It seems to be a general goal in practical online learning algorithm development to have the updates be very very simply. Perceptron is probably the simplest, and involves just a few adds. Winnow takes a few multiplies. MIRA takes a bit more, but still nothing hugely complicated. Same with stochastic gradient descent algorithms for, eg., hinge loss.
I think this maybe used to make sense. I'm not sure that it makes sense any more. In particular, I would be happier with online algorithms that do more work per data point, but require only one pass over the data. There are really only two examples I know of: the StreamSVM work that my student Piyush did with me and Suresh, and the confidence-weighted work by Mark Dredze, Koby Crammer and Fernando Pereira (note that they maybe weren't trying to make a one-pass algorithm, but it does seem to work well in that setting).
Why do I feel this way?
Well, if you look even at standard classification tasks, you'll find that if you have a highly optimized, dual threaded implementation of stochastic gradient descent, then your bottleneck becomes I/O, not learning. This is what John Langford observed in his Vowpal Wabbit implementation. He has to do multiple passes. He deals with the I/O bottleneck by creating an I/O friendly, proprietary version of the input file during the first past, and then careening through it on subsequent passes.

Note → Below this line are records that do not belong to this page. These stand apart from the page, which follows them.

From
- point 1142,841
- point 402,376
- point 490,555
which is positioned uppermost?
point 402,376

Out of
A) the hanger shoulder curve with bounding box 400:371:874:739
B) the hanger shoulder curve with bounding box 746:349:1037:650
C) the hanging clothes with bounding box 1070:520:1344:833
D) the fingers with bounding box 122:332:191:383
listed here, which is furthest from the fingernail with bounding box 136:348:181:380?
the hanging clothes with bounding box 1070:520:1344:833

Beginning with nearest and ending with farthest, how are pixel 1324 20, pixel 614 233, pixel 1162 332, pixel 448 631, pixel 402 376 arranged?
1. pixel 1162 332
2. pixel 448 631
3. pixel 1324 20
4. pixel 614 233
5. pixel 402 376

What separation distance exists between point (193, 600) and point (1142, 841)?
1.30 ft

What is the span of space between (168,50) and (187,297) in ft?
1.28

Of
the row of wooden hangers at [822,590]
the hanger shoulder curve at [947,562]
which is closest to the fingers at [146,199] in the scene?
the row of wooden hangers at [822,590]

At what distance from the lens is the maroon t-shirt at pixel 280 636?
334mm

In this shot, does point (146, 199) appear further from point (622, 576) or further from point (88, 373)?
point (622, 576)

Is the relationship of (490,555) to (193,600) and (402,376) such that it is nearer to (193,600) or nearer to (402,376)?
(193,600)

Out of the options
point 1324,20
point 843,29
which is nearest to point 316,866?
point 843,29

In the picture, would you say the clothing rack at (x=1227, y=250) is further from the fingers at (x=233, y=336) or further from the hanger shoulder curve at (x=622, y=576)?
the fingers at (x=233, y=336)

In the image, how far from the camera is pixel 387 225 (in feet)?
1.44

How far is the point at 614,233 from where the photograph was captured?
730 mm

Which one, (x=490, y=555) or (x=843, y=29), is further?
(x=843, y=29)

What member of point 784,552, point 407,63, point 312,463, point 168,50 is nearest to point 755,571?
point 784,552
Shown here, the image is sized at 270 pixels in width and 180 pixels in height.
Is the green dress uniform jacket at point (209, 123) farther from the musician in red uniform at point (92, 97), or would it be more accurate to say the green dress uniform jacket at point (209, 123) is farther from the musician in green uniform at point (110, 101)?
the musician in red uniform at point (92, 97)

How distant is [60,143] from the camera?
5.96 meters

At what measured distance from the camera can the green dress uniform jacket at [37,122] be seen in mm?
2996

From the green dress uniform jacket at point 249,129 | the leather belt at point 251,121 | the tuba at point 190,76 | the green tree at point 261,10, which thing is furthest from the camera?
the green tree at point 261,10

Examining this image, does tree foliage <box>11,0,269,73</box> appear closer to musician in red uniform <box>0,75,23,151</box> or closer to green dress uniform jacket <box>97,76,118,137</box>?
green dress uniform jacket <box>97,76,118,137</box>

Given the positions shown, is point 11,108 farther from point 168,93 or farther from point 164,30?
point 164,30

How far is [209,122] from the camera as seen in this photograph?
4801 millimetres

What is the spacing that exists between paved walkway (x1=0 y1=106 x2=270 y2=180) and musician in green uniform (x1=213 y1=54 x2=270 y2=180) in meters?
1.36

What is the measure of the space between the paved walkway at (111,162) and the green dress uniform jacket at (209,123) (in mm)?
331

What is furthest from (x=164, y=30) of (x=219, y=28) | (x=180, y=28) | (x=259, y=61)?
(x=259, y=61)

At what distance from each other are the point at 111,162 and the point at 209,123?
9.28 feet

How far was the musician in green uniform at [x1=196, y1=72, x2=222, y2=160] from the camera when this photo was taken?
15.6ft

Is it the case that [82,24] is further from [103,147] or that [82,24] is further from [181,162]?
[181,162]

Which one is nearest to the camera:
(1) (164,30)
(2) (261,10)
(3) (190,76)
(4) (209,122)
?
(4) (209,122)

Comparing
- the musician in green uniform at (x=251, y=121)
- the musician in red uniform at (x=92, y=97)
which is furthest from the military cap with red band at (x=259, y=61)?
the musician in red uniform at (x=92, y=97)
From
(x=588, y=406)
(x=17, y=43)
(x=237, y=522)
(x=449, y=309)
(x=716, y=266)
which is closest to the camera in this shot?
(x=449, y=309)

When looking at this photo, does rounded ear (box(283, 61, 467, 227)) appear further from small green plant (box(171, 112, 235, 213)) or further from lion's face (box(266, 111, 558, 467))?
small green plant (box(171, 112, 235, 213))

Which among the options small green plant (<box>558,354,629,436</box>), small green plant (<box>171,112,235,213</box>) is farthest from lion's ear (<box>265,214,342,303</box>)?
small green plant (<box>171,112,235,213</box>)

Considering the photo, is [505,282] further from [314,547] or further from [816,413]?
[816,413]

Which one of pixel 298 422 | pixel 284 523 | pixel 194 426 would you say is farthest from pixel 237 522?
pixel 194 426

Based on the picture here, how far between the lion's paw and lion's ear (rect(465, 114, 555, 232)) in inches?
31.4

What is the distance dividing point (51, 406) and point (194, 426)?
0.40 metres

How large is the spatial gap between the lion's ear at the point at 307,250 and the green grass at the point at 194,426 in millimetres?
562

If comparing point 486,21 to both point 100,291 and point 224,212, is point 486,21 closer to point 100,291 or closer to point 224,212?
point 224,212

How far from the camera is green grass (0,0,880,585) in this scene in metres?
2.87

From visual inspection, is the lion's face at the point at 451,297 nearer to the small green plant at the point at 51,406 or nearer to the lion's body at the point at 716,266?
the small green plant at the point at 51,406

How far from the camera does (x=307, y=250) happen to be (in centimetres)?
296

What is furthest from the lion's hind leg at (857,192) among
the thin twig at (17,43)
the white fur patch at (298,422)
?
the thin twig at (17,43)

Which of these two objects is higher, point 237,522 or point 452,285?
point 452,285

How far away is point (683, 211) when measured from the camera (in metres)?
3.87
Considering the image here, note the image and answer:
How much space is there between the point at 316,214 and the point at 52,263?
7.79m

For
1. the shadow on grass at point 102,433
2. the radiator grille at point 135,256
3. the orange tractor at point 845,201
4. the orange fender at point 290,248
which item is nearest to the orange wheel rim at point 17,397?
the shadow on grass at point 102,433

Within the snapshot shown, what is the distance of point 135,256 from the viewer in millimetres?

In this case, basically what John is seeing is that I/O is too slow. Or, phrased differently, learning is too fast :). I never thought I'd say that, but I think it's true. Especially when you consider that just having two threads is a pretty low requirement these days, it would be nice to put 8 or 16 threads to good use.
But I think the problem is actually quite a bit more severe. You can tell this by realizing that the idealized world in which binary classifier algorithms usually get developed is, well, idealized. In particular, someone has already gone through the effort of computing all your features for you. Even running something simple like a tokenizer, stemmer and stop word remover over documents takes a non-negligible amount of time (to convince yourself: run it over Gigaword and see how long it takes!), easily much longer than a silly perceptron update.
So in the real world, you're probably going to be computing your features and learning on the fly. (Or at least that's what I always do.) In which case, if you have a few threads computing features and one thread learning, your learning thread is always going to be stalling, waiting for features.
One way to partially circumvent this is to do a variant of what John does: create a big scratch file as you go and write everything to this file on the first pass, so you can just read from it on subsequent passes. In fact, I believe this is what Ryan McDonald does in MSTParser (he can correct me in the comments if I'm wrong :P). I've never tried this myself because I am lazy. Plus, it adds unnecessary complexity to your code, requires you to chew up disk, and of course adds its own delays since you now have to be writing to disk (which gives you tons of seeks to go back to where you were reading from initially).
A similar problem crops up in structured problems. Since you usually have to run inference to get a gradient, you end up spending way more time on your inference than your gradients. (This is similar to the problems you run into when trying to parallelize the structured perceptron.)
Anyway, at the end of the day, I would probably be happier with an online algorithm that spent a little more energy per-example and required fewer passes; I hope someone will invent one for me!